--- Data supplied Enclosed Below ---

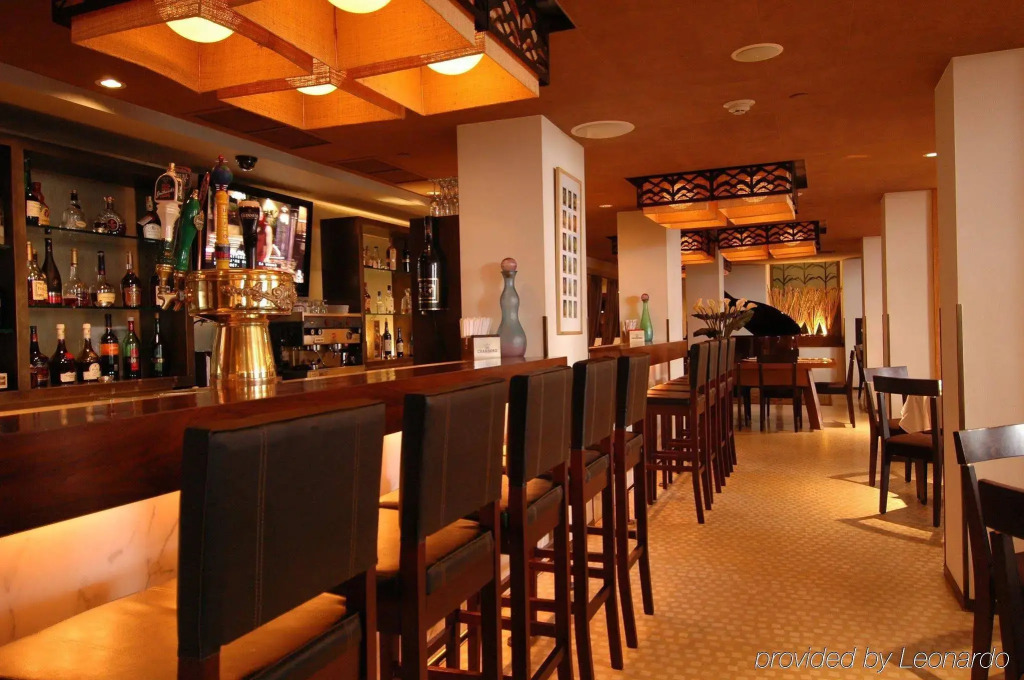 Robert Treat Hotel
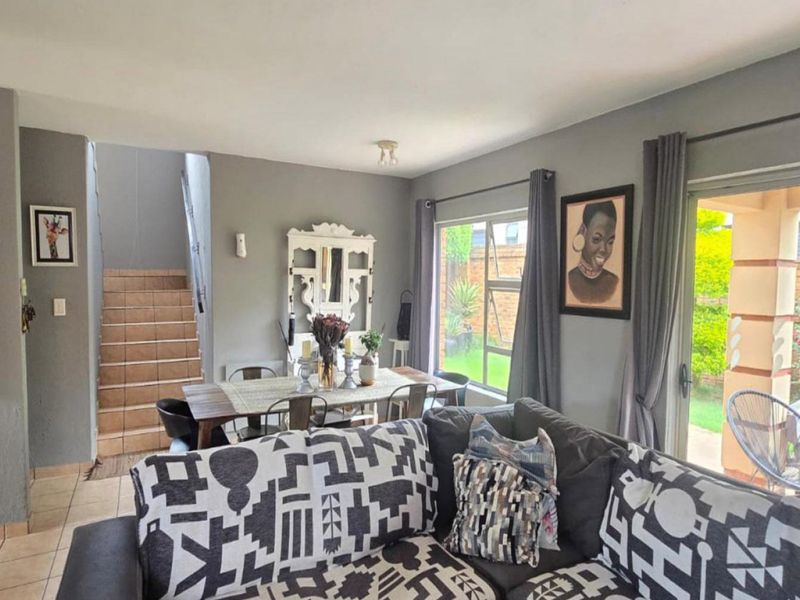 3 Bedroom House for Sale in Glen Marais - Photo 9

--- End of Enclosed Data supplied ---
--- Data supplied Enclosed Below ---

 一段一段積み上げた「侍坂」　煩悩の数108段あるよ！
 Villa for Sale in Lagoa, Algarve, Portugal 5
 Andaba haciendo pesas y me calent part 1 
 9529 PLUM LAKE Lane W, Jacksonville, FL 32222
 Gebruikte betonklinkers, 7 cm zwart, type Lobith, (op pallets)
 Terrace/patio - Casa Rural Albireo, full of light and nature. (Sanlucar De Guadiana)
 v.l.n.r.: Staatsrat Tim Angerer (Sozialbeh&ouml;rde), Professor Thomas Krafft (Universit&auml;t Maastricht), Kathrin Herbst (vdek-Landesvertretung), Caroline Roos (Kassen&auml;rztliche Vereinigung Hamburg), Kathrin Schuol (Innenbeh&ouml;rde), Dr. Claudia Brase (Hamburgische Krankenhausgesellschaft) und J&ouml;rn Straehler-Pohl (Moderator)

--- End of Enclosed Data supplied ---
--- Data supplied Enclosed Below ---

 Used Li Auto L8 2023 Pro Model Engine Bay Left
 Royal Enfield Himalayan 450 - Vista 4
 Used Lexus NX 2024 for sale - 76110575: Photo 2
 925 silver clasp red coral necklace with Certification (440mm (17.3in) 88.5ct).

--- End of Enclosed Data supplied ---

# [To do]
Look over the entries above. Copy every line that contains the word "Used".

# [Written solution]
 Used Li Auto L8 2023 Pro Model Engine Bay Left
 Used Lexus NX 2024 for sale - 76110575: Photo 2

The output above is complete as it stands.